● **Task item**: Without the images, print every line of the material below exactly as given.

★ ★ ★ ★ ★ ★ ★

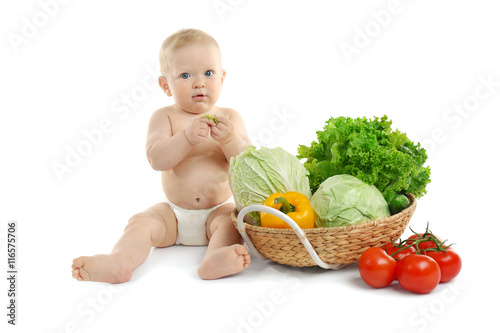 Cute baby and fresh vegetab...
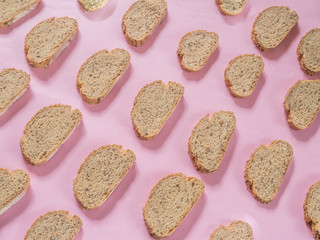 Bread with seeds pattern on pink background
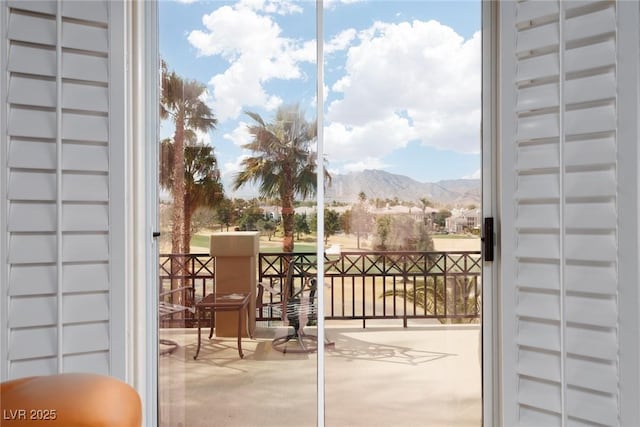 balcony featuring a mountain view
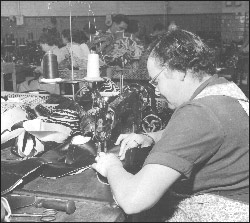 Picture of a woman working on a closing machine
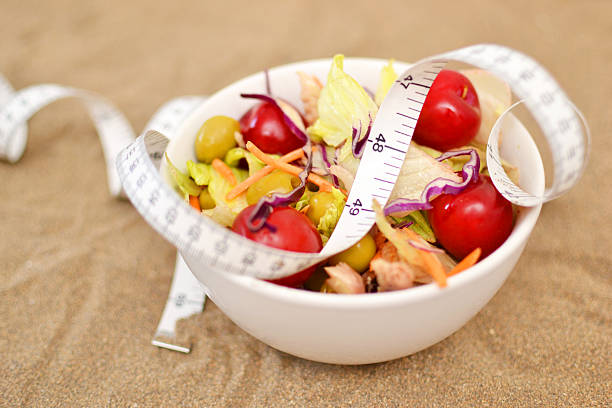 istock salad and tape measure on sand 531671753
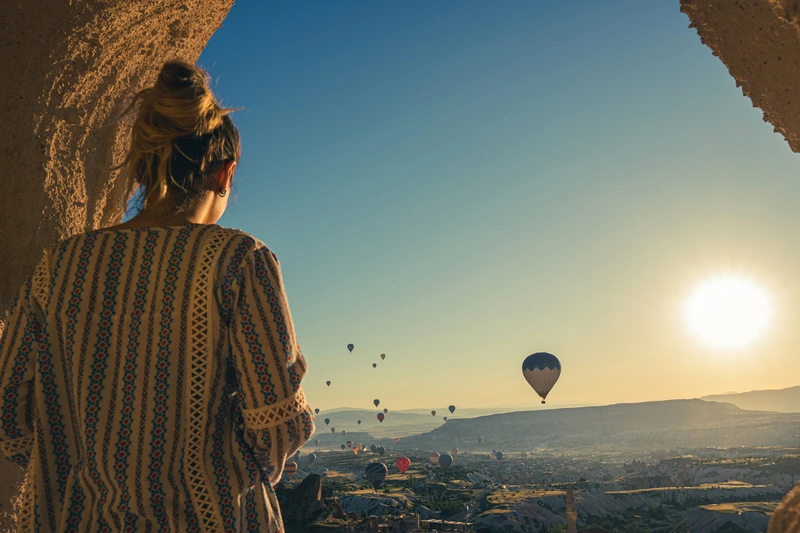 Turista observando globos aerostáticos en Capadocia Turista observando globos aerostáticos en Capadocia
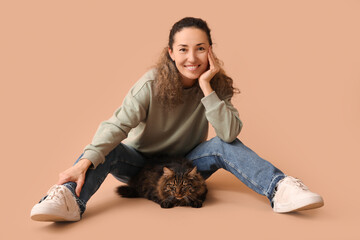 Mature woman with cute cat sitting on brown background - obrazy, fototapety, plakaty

★ ★ ★ ★ ★ ★ ★

● **Task solution**:
 Cute baby and fresh vegetab...
 Bread with seeds pattern on pink background
 balcony featuring a mountain view
 Picture of a woman working on a closing machine
 istock salad and tape measure on sand 531671753
 Turista observando globos aerostáticos en Capadocia Turista observando globos aerostáticos en Capadocia
 Mature woman with cute cat sitting on brown background - obrazy, fototapety, plakaty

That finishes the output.